Judges measured technical difficulty, execution and creativity, similar to contemporary comparable sports, such as figure skating.
The International Ski and Snowboard Federation (FIS), the international skiing and snowboarding governing body, officially recognized ski ballet in 1979, and nine years later international icons like Germany’s Hermann Reitberger competed for the first ski ballet demonstration medals at the 1988 Winter Olympics in Calgary.
Demonstration sports are not official Olympic events. Host nations often include a few favorite sports they may want to showcase for potential official inclusion in future Olympics. For example, the 2024 Summer Olympics in Paris included
Muaythai as a demonstration sport.
Ski ballet appeared in the 1988 Calgary Winter Olympics and the 1992 Albertville Winter Olympics. It did not make it to Lillehammer in 1994, and many athletes, including Rosenbaum, said the sport’s
failed push to become an official Olympic event, matched with increasing regulations and declining popularity, diminished professional ski ballet.

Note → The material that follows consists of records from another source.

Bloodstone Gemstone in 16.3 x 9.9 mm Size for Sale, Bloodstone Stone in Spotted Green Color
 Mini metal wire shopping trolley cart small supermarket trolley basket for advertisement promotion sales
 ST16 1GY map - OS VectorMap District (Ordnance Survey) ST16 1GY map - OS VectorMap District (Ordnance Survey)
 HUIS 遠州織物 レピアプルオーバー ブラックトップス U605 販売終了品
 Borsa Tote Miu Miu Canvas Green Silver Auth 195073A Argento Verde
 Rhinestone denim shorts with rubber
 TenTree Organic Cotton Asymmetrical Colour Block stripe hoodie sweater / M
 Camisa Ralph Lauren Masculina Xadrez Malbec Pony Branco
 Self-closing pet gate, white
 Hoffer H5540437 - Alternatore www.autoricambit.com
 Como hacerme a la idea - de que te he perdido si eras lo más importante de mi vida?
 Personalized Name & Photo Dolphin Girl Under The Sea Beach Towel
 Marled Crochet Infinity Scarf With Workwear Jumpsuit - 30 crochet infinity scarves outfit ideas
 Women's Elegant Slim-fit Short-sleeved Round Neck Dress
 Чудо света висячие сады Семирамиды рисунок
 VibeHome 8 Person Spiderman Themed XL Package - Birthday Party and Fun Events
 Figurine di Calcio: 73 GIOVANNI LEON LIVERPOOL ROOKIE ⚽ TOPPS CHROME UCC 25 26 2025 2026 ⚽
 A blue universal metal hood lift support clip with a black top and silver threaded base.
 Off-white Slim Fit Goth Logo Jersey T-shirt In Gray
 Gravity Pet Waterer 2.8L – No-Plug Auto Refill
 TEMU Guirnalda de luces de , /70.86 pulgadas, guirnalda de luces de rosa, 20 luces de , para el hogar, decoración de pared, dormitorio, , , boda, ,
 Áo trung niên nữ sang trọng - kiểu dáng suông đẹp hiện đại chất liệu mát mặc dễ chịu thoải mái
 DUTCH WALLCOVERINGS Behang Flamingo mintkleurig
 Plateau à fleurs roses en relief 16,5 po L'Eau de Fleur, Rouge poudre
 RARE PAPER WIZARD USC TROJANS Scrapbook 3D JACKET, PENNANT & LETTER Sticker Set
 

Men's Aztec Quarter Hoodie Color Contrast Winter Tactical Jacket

Rosenbaum was still a teenager in the early 1990s, but she was already an accomplished combine skier on the U.S. Freestyle Ski Team.
In 1990, she focused solely on ski ballet and qualified for the 1992 Winter Olympics in Albertville. She was passed over for Sharon Petzold and Ellen Breen, who finished third and sixth, respectively.
Rosenbaum qualified again in 1994, but the event was pulled from the Games, so Rosenbuam never got her chance to compete at an Olympics.
Twenty-five years later, she stood about halfway up Monarch Mountain’s “Freeway,” a wide stretching slope that feeds skiers back to the base of the mountain. Once more, she performed her award-winning routine, before retiring to a judge’s table to critique competitors on scales of difficulty, execution and “vibe.”